▶ To do:
Each record below is to be output with no change at all.

▶ Data listing:
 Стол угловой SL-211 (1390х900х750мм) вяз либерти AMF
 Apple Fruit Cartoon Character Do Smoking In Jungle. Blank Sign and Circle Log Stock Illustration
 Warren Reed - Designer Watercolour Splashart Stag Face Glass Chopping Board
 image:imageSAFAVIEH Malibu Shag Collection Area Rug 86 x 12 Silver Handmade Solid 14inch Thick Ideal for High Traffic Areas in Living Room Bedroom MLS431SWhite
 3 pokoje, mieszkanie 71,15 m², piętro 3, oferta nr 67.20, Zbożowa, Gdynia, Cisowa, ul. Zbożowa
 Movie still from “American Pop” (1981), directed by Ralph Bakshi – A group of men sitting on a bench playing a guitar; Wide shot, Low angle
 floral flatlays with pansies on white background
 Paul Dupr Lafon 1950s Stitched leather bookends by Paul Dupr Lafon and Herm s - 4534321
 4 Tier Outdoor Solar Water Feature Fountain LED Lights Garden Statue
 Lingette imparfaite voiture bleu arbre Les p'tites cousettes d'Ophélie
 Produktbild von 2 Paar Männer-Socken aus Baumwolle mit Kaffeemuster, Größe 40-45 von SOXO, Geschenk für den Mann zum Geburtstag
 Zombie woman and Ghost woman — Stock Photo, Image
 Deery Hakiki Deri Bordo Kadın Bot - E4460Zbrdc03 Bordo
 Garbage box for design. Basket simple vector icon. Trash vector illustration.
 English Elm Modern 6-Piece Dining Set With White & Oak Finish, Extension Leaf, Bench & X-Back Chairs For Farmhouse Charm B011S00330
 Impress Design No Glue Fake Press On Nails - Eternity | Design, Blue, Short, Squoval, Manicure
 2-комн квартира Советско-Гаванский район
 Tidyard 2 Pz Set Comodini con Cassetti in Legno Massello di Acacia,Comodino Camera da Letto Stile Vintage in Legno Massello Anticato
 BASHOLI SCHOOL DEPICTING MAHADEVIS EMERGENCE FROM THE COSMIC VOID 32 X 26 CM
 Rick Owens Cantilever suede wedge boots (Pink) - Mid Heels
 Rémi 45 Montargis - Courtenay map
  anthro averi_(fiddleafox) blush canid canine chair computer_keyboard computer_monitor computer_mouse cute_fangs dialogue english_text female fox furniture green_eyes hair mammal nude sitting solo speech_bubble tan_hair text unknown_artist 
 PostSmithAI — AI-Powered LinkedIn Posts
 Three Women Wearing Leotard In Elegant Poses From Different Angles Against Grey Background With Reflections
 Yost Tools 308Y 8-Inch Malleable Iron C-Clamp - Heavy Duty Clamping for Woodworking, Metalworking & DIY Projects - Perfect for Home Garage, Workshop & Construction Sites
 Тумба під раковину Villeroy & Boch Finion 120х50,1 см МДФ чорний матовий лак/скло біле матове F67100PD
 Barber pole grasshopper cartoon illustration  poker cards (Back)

▶ Exercise solution:
 Стол угловой SL-211 (1390х900х750мм) вяз либерти AMF
 Apple Fruit Cartoon Character Do Smoking In Jungle. Blank Sign and Circle Log Stock Illustration
 Warren Reed - Designer Watercolour Splashart Stag Face Glass Chopping Board
 image:imageSAFAVIEH Malibu Shag Collection Area Rug 86 x 12 Silver Handmade Solid 14inch Thick Ideal for High Traffic Areas in Living Room Bedroom MLS431SWhite
 3 pokoje, mieszkanie 71,15 m², piętro 3, oferta nr 67.20, Zbożowa, Gdynia, Cisowa, ul. Zbożowa
 Movie still from “American Pop” (1981), directed by Ralph Bakshi – A group of men sitting on a bench playing a guitar; Wide shot, Low angle
 floral flatlays with pansies on white background
 Paul Dupr Lafon 1950s Stitched leather bookends by Paul Dupr Lafon and Herm s - 4534321
 4 Tier Outdoor Solar Water Feature Fountain LED Lights Garden Statue
 Lingette imparfaite voiture bleu arbre Les p'tites cousettes d'Ophélie
 Produktbild von 2 Paar Männer-Socken aus Baumwolle mit Kaffeemuster, Größe 40-45 von SOXO, Geschenk für den Mann zum Geburtstag
 Zombie woman and Ghost woman — Stock Photo, Image
 Deery Hakiki Deri Bordo Kadın Bot - E4460Zbrdc03 Bordo
 Garbage box for design. Basket simple vector icon. Trash vector illustration.
 English Elm Modern 6-Piece Dining Set With White & Oak Finish, Extension Leaf, Bench & X-Back Chairs For Farmhouse Charm B011S00330
 Impress Design No Glue Fake Press On Nails - Eternity | Design, Blue, Short, Squoval, Manicure
 2-комн квартира Советско-Гаванский район
 Tidyard 2 Pz Set Comodini con Cassetti in Legno Massello di Acacia,Comodino Camera da Letto Stile Vintage in Legno Massello Anticato
 BASHOLI SCHOOL DEPICTING MAHADEVIS EMERGENCE FROM THE COSMIC VOID 32 X 26 CM
 Rick Owens Cantilever suede wedge boots (Pink) - Mid Heels
 Rémi 45 Montargis - Courtenay map
  anthro averi_(fiddleafox) blush canid canine chair computer_keyboard computer_monitor computer_mouse cute_fangs dialogue english_text female fox furniture green_eyes hair mammal nude sitting solo speech_bubble tan_hair text unknown_artist 
 PostSmithAI — AI-Powered LinkedIn Posts
 Three Women Wearing Leotard In Elegant Poses From Different Angles Against Grey Background With Reflections
 Yost Tools 308Y 8-Inch Malleable Iron C-Clamp - Heavy Duty Clamping for Woodworking, Metalworking & DIY Projects - Perfect for Home Garage, Workshop & Construction Sites
 Тумба під раковину Villeroy & Boch Finion 120х50,1 см МДФ чорний матовий лак/скло біле матове F67100PD
 Barber pole grasshopper cartoon illustration  poker cards (Back)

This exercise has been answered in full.